WHAT IS NEEDED - Report back every line below that carries the word "Necklace".

:: EXERCISE DATA ::

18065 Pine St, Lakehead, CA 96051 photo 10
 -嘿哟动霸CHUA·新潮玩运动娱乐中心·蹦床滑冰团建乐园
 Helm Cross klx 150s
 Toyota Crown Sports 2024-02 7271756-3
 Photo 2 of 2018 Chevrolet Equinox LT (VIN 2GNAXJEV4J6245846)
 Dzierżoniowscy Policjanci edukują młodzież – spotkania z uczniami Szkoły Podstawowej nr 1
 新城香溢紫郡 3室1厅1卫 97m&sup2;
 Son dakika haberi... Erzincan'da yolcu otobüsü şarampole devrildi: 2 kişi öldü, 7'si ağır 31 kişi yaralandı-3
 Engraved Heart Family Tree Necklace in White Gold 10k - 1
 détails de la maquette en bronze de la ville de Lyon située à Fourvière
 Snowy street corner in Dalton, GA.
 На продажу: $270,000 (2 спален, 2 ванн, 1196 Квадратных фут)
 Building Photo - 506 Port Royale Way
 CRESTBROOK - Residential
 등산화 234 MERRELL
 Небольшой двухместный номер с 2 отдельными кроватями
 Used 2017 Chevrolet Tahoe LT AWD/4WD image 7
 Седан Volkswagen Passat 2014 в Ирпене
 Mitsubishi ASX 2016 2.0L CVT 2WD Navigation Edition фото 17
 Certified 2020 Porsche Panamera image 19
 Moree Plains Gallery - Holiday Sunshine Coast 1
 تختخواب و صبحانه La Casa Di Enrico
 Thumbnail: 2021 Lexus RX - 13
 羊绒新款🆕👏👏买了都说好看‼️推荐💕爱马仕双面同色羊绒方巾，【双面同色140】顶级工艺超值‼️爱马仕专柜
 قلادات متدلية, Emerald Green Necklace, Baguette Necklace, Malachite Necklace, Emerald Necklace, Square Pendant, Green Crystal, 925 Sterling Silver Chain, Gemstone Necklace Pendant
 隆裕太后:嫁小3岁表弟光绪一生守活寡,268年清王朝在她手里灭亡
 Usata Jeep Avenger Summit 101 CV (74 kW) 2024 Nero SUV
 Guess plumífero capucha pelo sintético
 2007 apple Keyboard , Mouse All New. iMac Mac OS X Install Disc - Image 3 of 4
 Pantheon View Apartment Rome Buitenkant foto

:::

OUTPUT OF THE TASK -
 Engraved Heart Family Tree Necklace in White Gold 10k - 1
 قلادات متدلية, Emerald Green Necklace, Baguette Necklace, Malachite Necklace, Emerald Necklace, Square Pendant, Green Crystal, 925 Sterling Silver Chain, Gemstone Necklace Pendant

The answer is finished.